The HealthOmics workflow definition files must meet the following requirements:
-
Declare all parameters in the workflow definition file. Parameters include input and output locations, Amazon ECR container repositories, and runtime parameters such as allocated memory or CPU.
-
Your workflow tasks can't access resources using the public internet. Make sure that the workflow can access all input data from AWS resources such as S3.
-
Declare the output files in the workflow definition file. If you want to copy intermediate run files to the output location, declare them as workflow outputs.
-
The input and output locations must be in the same Region as the workflow run.
-
HealthOmics storage workflow inputs must be in
ACTIVE
status. HealthOmics won't import inputs with anARCHIVED
status, causing the workflow to fail. For information about Amazon S3 object inputs, see HealthOmics run inputs. -
HealthOmics provides the following methods to specify the main entrypoint for the workflow:
-
If the workflow definition consists of one file, that file is the main entrypoint for the workflow
-
If the workflow definition consists of multiple files, you can name the entrypoint file
main.ext
, where ext is either wdl, nf, or cwl for WDL, Nextflow, or CWL, respectively. -
When you create the workflow, you can specify a main entrypoint that isn't named main.
-
-
Before you create a workflow, create a zip archive of the workflow definition files and any dependencies, such as subworkflows.
-
We recommend that you declare Amazon ECR containers in the workflow as input parameters for validation of the Amazon ECR permissions.

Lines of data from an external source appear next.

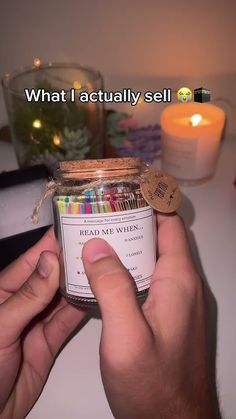 a person holding a jar filled with lots of colored pencils next to a lit candle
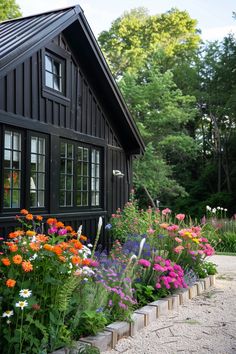 a black house with many different flowers in the front yard and side walk leading up to it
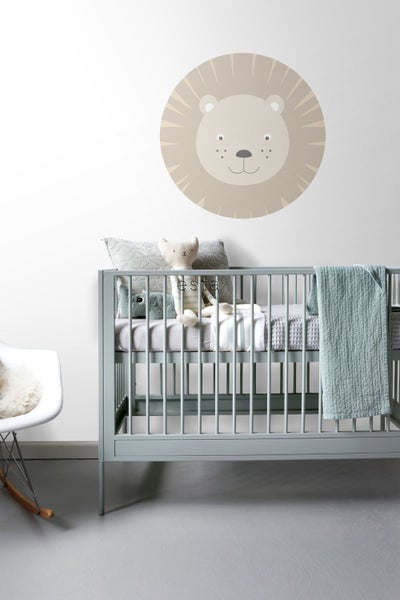 Babyzimmer mit Gitterbett, Kissen und Wandtattoo Löwe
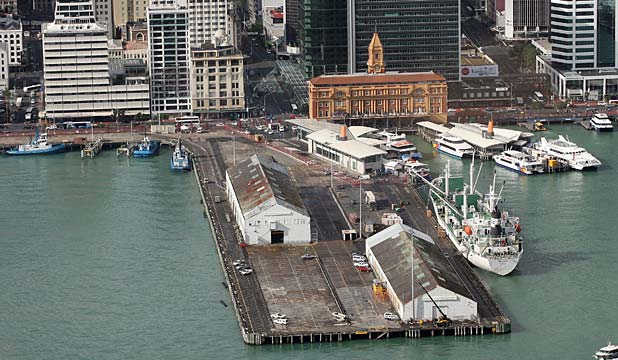 This image of two warehouses on the waterfront captures the stages of construction of Queen's Wharf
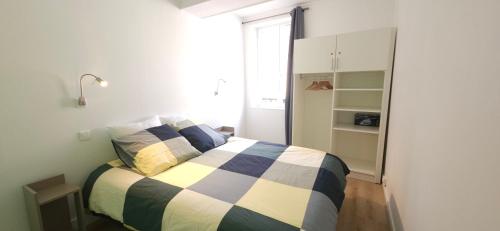 a bedroom with a bed with a blue and white at Le Patio Saint Pierre in Auxerre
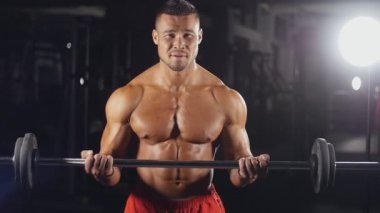 Spor salonunda ağırlık kaldıran bir adam.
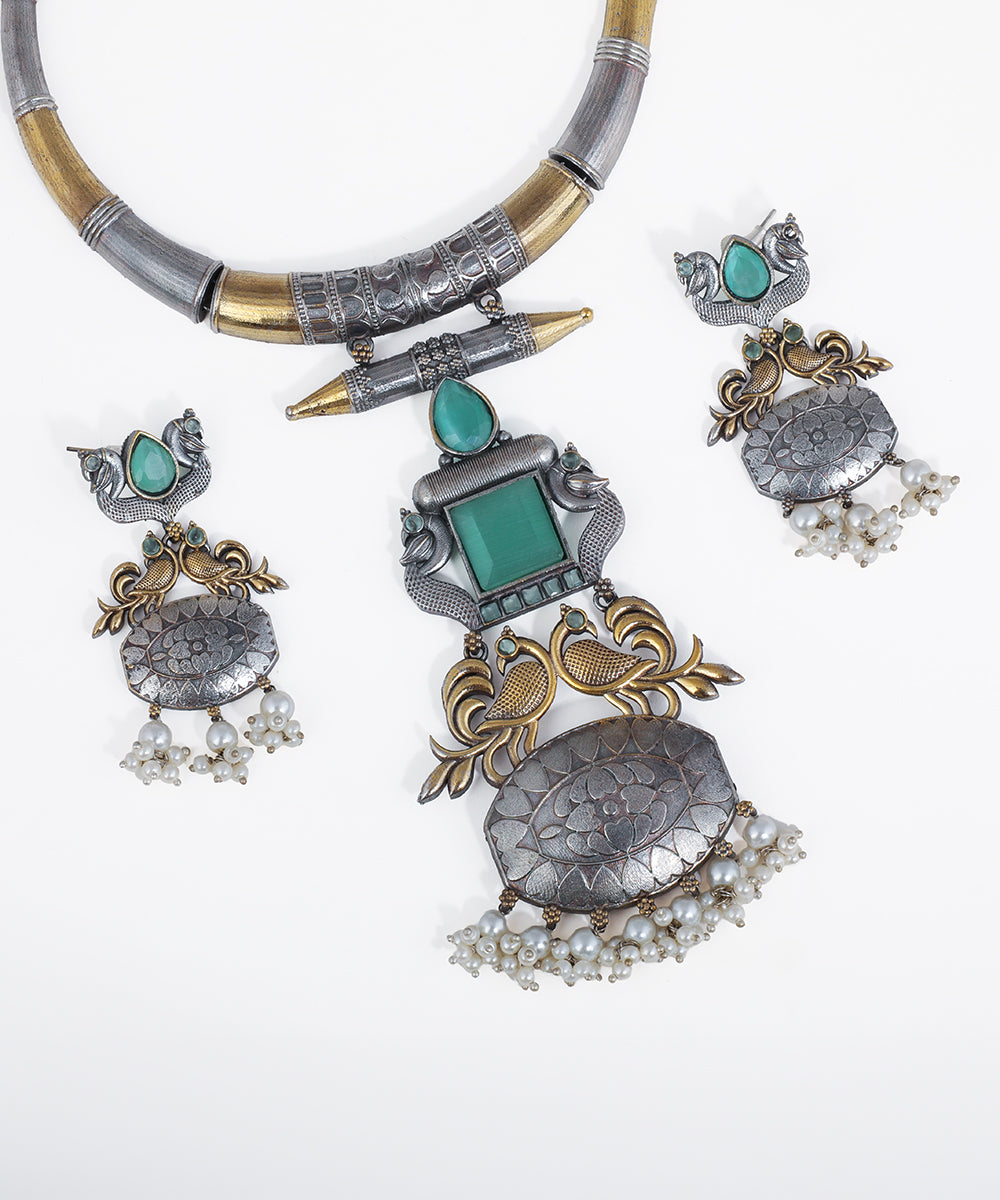 Ornate silver and gold necklace with green gemstones on a white background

Additional Nextflow considerations:
-
/bin
Nextflow workflow definitions may include a /bin folder with executable scripts. This path has read-only plus executable access to tasks. Tasks that rely on these scripts should use a container built with the appropriate script interpreters. Best practice is to call the interpreter directly. For example:
process my_bin_task { ... script: """ python3 my_python_script.py """ }
-
includeConfig
Nextflow-based workflow definitions can include nextflow.config files that help to abstract parameter definitions or process resource profiles. To support development and execution of Nextflow pipelines on multiple environments, use a HealthOmics-specific configuration that you add to the global config using the includeConfig directive. To maintain portability, configure the workflow to include the file only when running on HealthOmics by using the following code:
// at the end of the nextflow.config file if ("$AWS_WORKFLOW_RUN") { includeConfig 'conf/omics.config' }
-
Reports
HealthOmics doesn't support engine-generated dag, trace, and execution reports. You can generate alternatives to the trace and execution reports using a combination of GetRun and GetRunTask API calls.
Additional CWL considerations:
-
Container image uri interpolation
HealthOmics allows the dockerPull property of the DockerRequirement to be an inline javascript expression. For example:
requirements: DockerRequirement: dockerPull: "$(inputs.container_image)"
This allows you to specifying container image URIs as input parameters to the workflow.
-
Javascript expressions
Javascript expressions must be
strict mode
compliant. -
Operation process
HealthOmics doesn't support CWL Operation processes.